Wiedergelesen: J´ ai tué ...

„Die Sonne ist den ganzen Tag über den Himmel gewandert. Ich wollte sie für uns entzweischneiden. Ich hätte dir das größere Stück überlassen, wie früher bei der Lammschulter.“




Ich habe Emma S. getötet:
So heißt das Buch der Autorin Emma Santos, das 1976 in der édition des femmes erschienen ist und das mit dieser Selbstauslöschung einer obsessiv Liebenden endet: „In dem Augenblick, als er am 2. Juli 1975 nicht zu der Verabredung beim Psychiater gekommen ist, habe ich Emma S. getötet, Emma S., die Schriftstellerin, mit einem vom MANN auferlegten Namen, seinem Namen, literarische und psychiatrische Frau ...“. Emma S., ein Pseudonym – die Autorin ist tatsächlich ‚tot‘, im Sinne der Rezeption zumindest: Kaum eine Spur von ihr im Internet, die irgendwann in den 1940er Jahren geboren, und früh, 1983, gestorben ist. Die Bücher: vergriffen.

Sicherlich, vieles, was in „Emma S.“ steht, erinnert an die typischen Merkmale der 1970er Frauenliteratur: die Frau als die unterdrückte, vom Mann gemachte, vom Mann und der Gesellschaft als wahnsinnig abgestempelte Andere ... Abtreibung und Gebären spielen zentrale Rollen, das Ringen um das Schreiben und das Ringen um den weiblichen Körper – eng verknüpft. Die radikale Innerlichkeit und die Larmoyanz, der intensive Verweis auf die eigene Autobiographie, das alles befremdet heute.
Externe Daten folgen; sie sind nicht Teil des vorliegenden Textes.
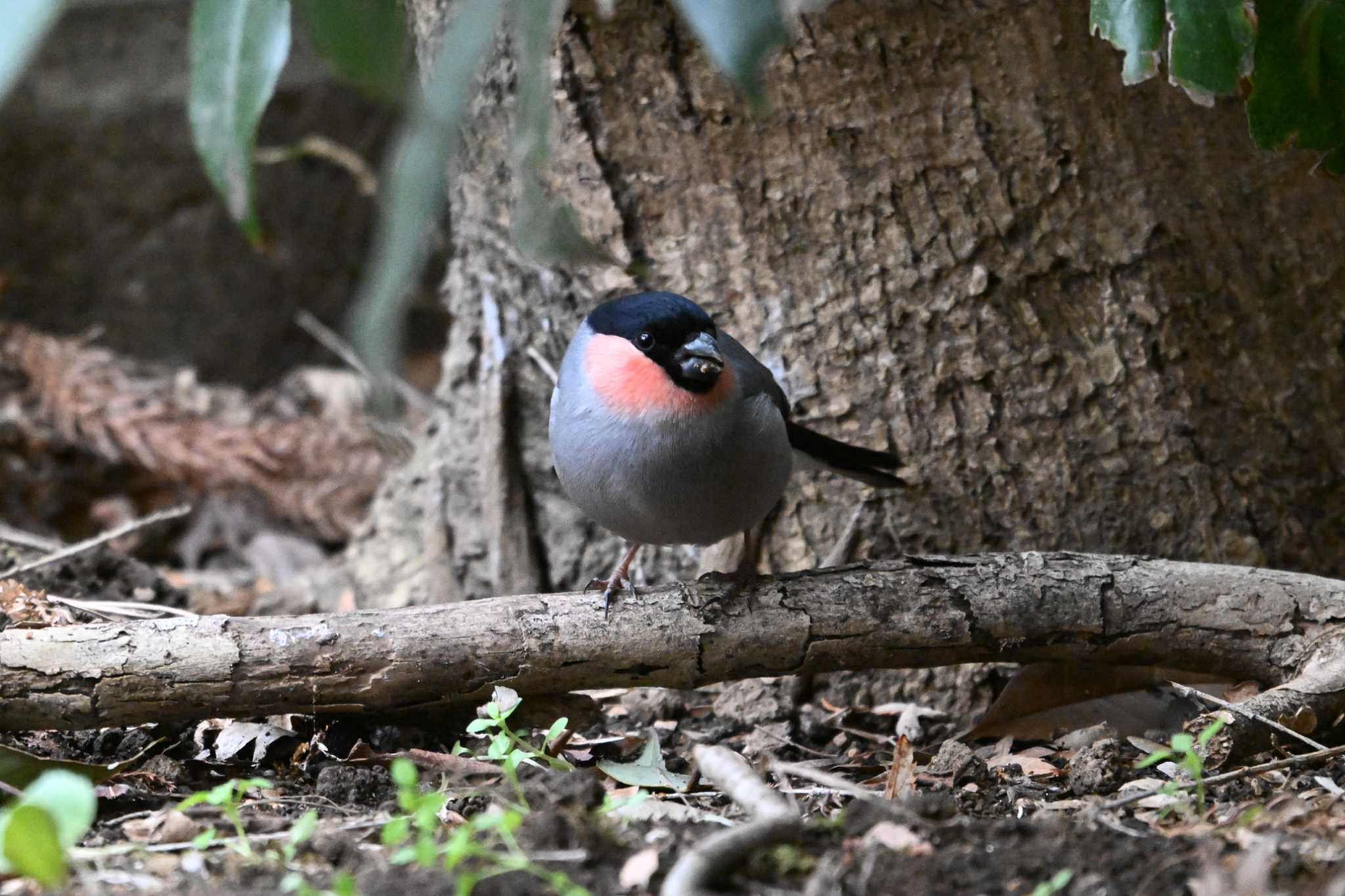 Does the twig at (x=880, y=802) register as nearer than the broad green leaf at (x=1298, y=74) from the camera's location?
Yes

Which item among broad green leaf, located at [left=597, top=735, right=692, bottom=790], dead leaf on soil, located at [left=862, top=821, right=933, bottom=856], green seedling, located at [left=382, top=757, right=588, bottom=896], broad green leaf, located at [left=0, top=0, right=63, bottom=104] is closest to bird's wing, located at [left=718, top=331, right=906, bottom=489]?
broad green leaf, located at [left=597, top=735, right=692, bottom=790]

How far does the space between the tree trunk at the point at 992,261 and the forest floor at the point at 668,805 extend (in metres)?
0.57

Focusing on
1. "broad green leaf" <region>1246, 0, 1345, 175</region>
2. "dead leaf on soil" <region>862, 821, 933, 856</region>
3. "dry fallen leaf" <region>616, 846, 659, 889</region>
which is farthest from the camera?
"broad green leaf" <region>1246, 0, 1345, 175</region>

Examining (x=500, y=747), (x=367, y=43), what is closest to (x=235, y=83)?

Und doch ... Das Buch schildert den Sog des Begehrens mit wenigen Strichen: „Deine Silhouette wie ein hüpfendes Kind, trotz deiner vierzig Jahre. Deine schmalen Hüften und Dein starker Penis.“ – Und es entwirft eine poetische Annäherung an die darunter lauernde Obsession: „Ich verwechselte dich mit der Krabbe, und mein Körper heulte auf: Dich unter deiner Schale aus Härte platzen zu sehen, deine Rinde abzuschälen“.
Mich erinnerten zahlreiche Passagen an Ingeborg Bachmanns Malina ‒ thematisch, bisweilen sogar sprachlich: Auch in „Emma S.“ geht es um Sprache und Identität, Wahnsinn und Ausschluss der bürgerlichen Frau. Das Ich des Buchs wird von ihrem Mann gedemütigt und verlassen, nach ihrer obsessiven Reaktion mit Elektroschocks gequält, in geschlossene Räume gesperrt, schließlich der deprimierenden Gleichförmigkeit einer „Tagesklinik“ überlassen, vor deren Toren Männer darauf warten, die „wahnsinnigen“ Frauen ins Bett zu kriegen: „In den letzten Tagen im psychiatrischen Zentrum ist es zu heiß und wir schleppen uns herum wie an den letzten Schultagen vor den großen Ferien. Wir gehen in die Kneipen. Wir versuchen, uns von den Proletariern im Café einen ausgeben zu lassen ...“

Die zeitgenössische Literaturkritik war gespalten, die ZEIT lobte 1978 zwar, dass „die Geschichte Eindruck“ mache, „weil sie die zerstörerische Dimension von Liebesbeziehungen durch das Ende begreifen lehrt“, konnte dem Buch ansonsten aber wenig abgewinnen: „Emma Santos Sprache geht über das Klischee vom neuen, anderen Schreiben nicht hinaus; sie gerät ihr zu einer nur noch prätentiösen Unmittelbarkeit der kurzen Sätze, deren anspruchsvolle Simplizität schwer erträglich ist.“

Diesem Urteil schließe ich mich nicht an – es ist gerade die Knappheit der Sprache, die „Unmittelbarkeit der kurzen Sätze“, die das Buch lesenwert macht und die vielleicht heute sogar besser verstanden, ja, goutiert werden könnte – für die Bühne ist „J`ai tué Emma S.“ zumindest aktuell adaptiert worden. Und es gibt eine schonungslose Selbstauslieferung von Autorin und Figur zu entdecken, die der zeitgenössischen Literatur bisweilen fehlt.